South Carolina requires SR-22 filing for three years following a DUI conviction, measured from the conviction date. The filing requirement and the DUI surcharge are not the same timeline. Your carrier will charge the SR-22 filing fee for the full three-year mandatory period. The DUI conviction surcharge typically remains on your policy for three to five years depending on the carrier's lookback window, which is set in their underwriting guidelines and varies by insurer.

Some carriers drop the DUI surcharge after three years if no additional violations occur. Others maintain it for five years.

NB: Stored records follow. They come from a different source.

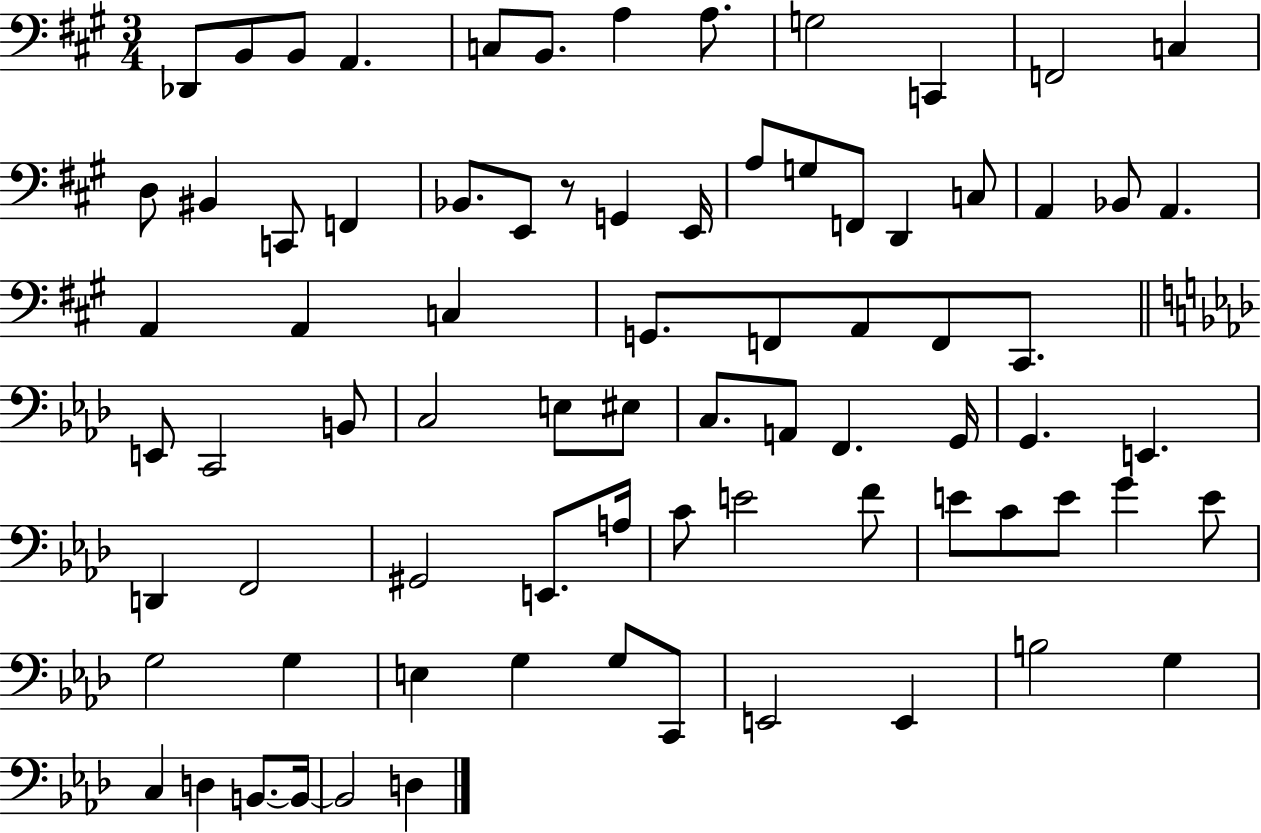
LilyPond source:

{
  \clef bass
  \numericTimeSignature
  \time 3/4
  \key a \major
  des,8 b,8 b,8 a,4. | c8 b,8. a4 a8. | g2 c,4 | f,2 c4 | \break d8 bis,4 c,8 f,4 | bes,8. e,8 r8 g,4 e,16 | a8 g8 f,8 d,4 c8 | a,4 bes,8 a,4. | \break a,4 a,4 c4 | g,8. f,8 a,8 f,8 cis,8. | \bar "||" \break \key aes \major e,8 c,2 b,8 | c2 e8 eis8 | c8. a,8 f,4. g,16 | g,4. e,4. | \break d,4 f,2 | gis,2 e,8. a16 | c'8 e'2 f'8 | e'8 c'8 e'8 g'4 e'8 | \break g2 g4 | e4 g4 g8 c,8 | e,2 e,4 | b2 g4 | \break c4 d4 b,8.~~ b,16~~ | b,2 d4 | \bar "|."
} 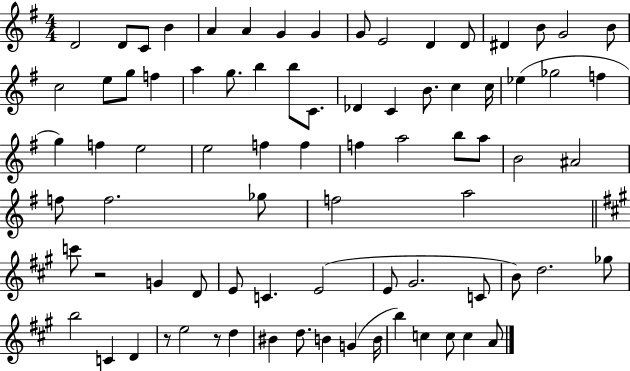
X:1
T:Untitled
M:4/4
L:1/4
K:G
D2 D/2 C/2 B A A G G G/2 E2 D D/2 ^D B/2 G2 B/2 c2 e/2 g/2 f a g/2 b b/2 C/2 _D C B/2 c c/4 _e _g2 f g f e2 e2 f f f a2 b/2 a/2 B2 ^A2 f/2 f2 _g/2 f2 a2 c'/2 z2 G D/2 E/2 C E2 E/2 ^G2 C/2 B/2 d2 _g/2 b2 C D z/2 e2 z/2 d ^B d/2 B G B/4 b c c/2 c A/2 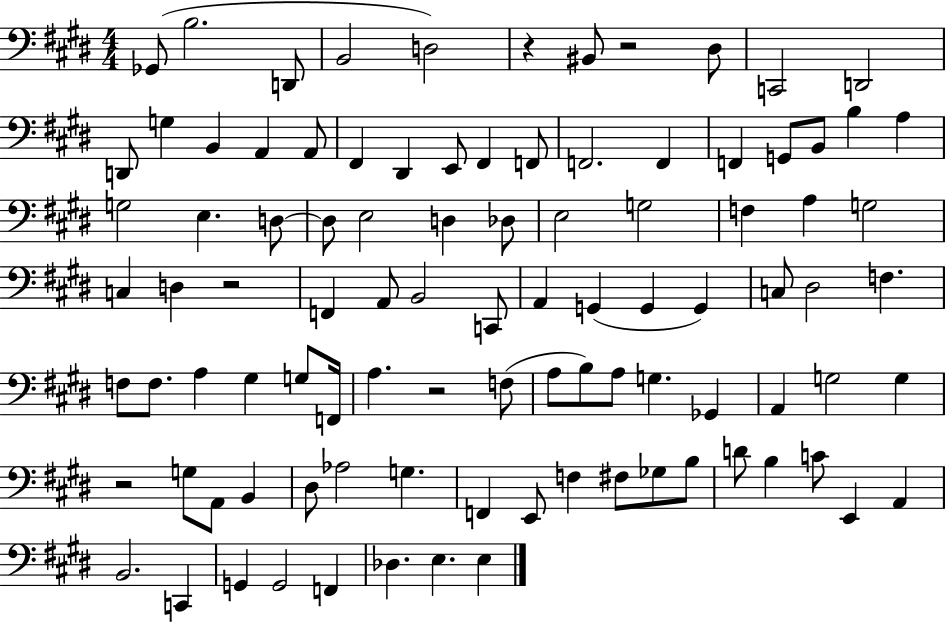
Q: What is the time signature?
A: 4/4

The difference is not disclosed upfront. When you request quotes, ask each carrier how long the DUI surcharge remains in effect, separate from the SR-22 filing fee. The answer affects your total cost over the life of the policy, not just the first year.

After the three-year SR-22 filing period ends, SCDMV notifies your carrier that the filing requirement has been satisfied. The $25 to $35 monthly filing fee drops off your bill automatically at that point. Your base premium will still reflect the DUI surcharge if the carrier's lookback period has not yet expired. You will need to re-shop for coverage at the three-year mark to determine whether you qualify for standard-tier reinstatement or whether the DUI conviction still places you in non-standard pricing.

SC DUI SR-22 Filing Period

3 years

South Carolina mandates continuous SR-22 filing for three years after a DUI conviction. The three-year clock starts on your conviction date, not your filing date. If your SR-22 lapses at any point during the three-year window, SCDMV suspends your license immediately and the three-year period restarts from the date you refile.

SC Code § 56-5-2951, SCDMV SR-22 reinstatement requirements

What Happens If You Let Coverage Lapse

If your SR-22 policy cancels for nonpayment or any other reason during the mandatory three-year filing period, your insurance carrier notifies SCDMV electronically within 24 hours. SCDMV suspends your driving privilege immediately upon receiving the lapse notification. There is no grace period. You cannot drive legally from the moment the carrier files the cancellation notice, even if your physical license card has not been confiscated yet.

Reinstatement after an SR-22 lapse requires paying a $100 reinstatement fee to SCDMV, refiling a new SR-22 certificate with a carrier willing to write you after a lapse, and restarting the three-year filing clock from the date of the new filing. The lapse also triggers a coverage gap on your insurance record, which most carriers treat as a separate high-risk signal. Expect quotes after a lapse to run 20% to 40% higher than your pre-lapse rate, even from non-standard specialists.

Compare Carriers That Write Post-DUI SR-22 in SC

South Carolina licenses multiple carriers that specialize in high-risk and SR-22 filings, and their pricing structures vary enough that a single comparison call produces quotes spanning a $100+ monthly range for identical coverage. The carriers writing the most competitive post-DUI SR-22 rates in South Carolina currently include Dairyland, The General, GAINSCO, Bristol West, Progressive, Geico, Direct Auto, and National General. Not all of these will quote every applicant—underwriting rules vary by county, age, and whether you have prior lapses or multiple violations.

Request quotes from at least three non-standard specialists and two standard carriers if you qualify for standard-tier consideration. Non-standard specialists often deliver the lowest monthly cost, but they offer fewer discount opportunities and no multi-policy bundling. Standard carriers cost more monthly in the first year but may offer accident forgiveness or vanishing deductible programs that reduce your out-of-pocket exposure over the three-year filing period. The lowest monthly quote is not always the lowest total cost if a claim occurs.

When comparing quotes, confirm that each carrier is quoting you for South Carolina's minimum liability limits—$25,000 per person, $50,000 per accident for bodily injury, and $25,000 for property damage—plus uninsured motorist coverage, which South Carolina requires unless you reject it in writing. Quotes that exclude uninsured motorist coverage or quote higher limits are not comparable. Ask each carrier to itemize the SR-22 filing fee separately so you can see what portion of the monthly cost comes from the certificate versus the base premium.